:: Task objective ::
Using the data below, transcribe exactly everything from the line that contains "0OB281 Pennsylvania License Plate" down to the line that contains "Mens Women Weightlifting". Include both of those lines and none of the pictures.

:: Records for processing ::

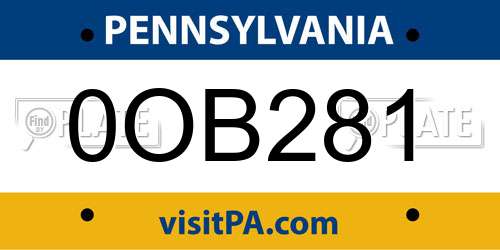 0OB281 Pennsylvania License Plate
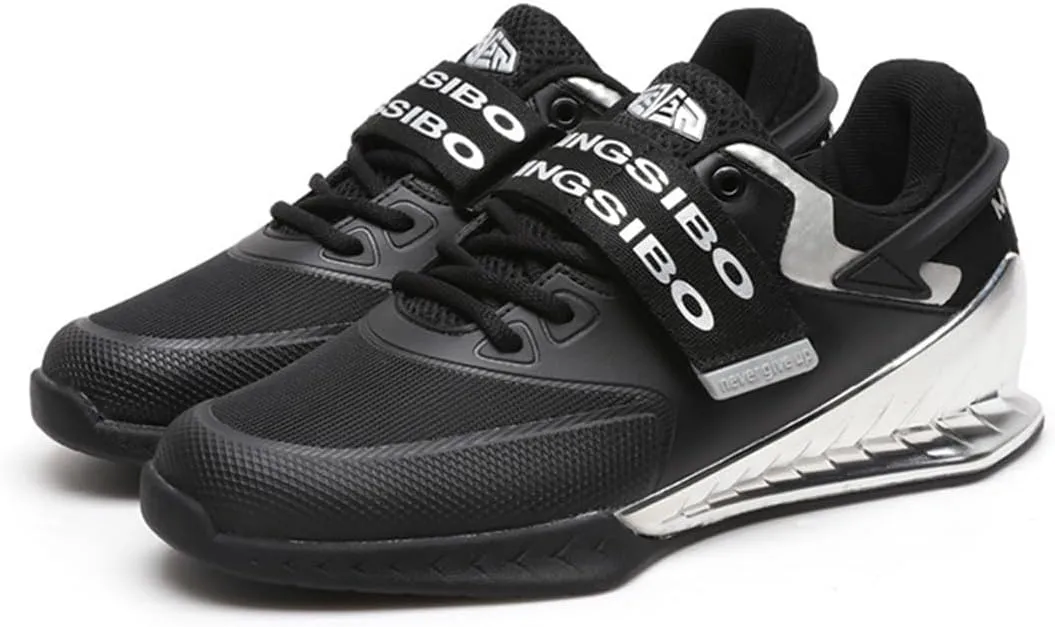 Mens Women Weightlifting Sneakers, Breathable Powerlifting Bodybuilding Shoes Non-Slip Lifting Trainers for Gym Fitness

---

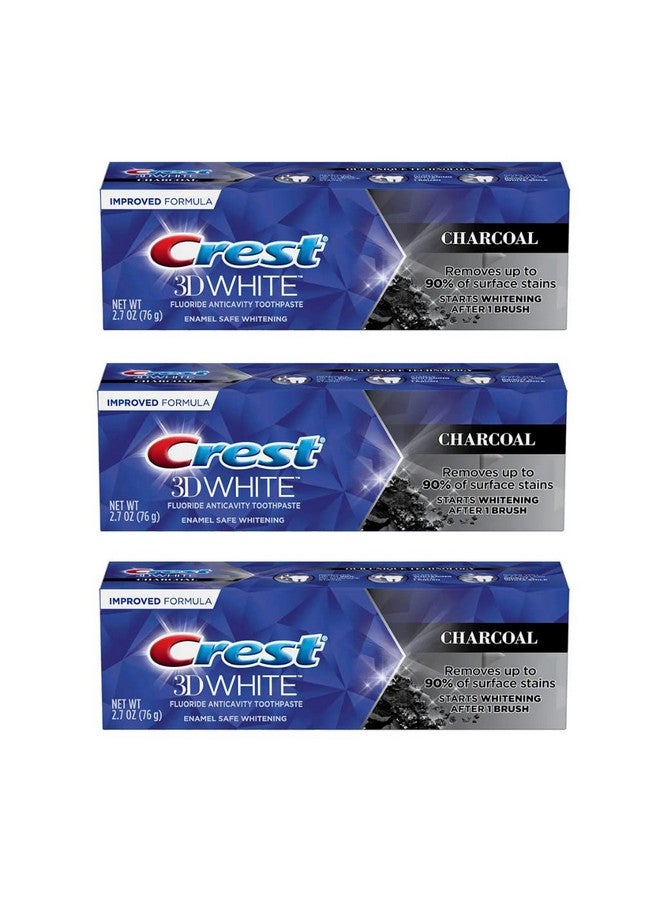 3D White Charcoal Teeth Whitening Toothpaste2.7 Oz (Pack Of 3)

:: The answer ::
 0OB281 Pennsylvania License Plate
 Mens Women Weightlifting Sneakers, Breathable Powerlifting Bodybuilding Shoes Non-Slip Lifting Trainers for Gym Fitness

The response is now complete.